**What you have to do**
Reproduce the closing run of lines below verbatim, from the line that contains "The Multiplying (1" up to and including the final line.

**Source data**

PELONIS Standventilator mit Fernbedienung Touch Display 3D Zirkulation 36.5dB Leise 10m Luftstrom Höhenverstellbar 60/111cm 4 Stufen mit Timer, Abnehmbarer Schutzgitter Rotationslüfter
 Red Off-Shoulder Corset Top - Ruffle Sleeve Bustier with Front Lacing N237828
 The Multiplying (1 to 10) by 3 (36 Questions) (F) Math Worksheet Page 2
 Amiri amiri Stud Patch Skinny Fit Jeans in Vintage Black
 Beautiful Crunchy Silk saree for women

**Reply**
 The Multiplying (1 to 10) by 3 (36 Questions) (F) Math Worksheet Page 2
 Amiri amiri Stud Patch Skinny Fit Jeans in Vintage Black
 Beautiful Crunchy Silk saree for women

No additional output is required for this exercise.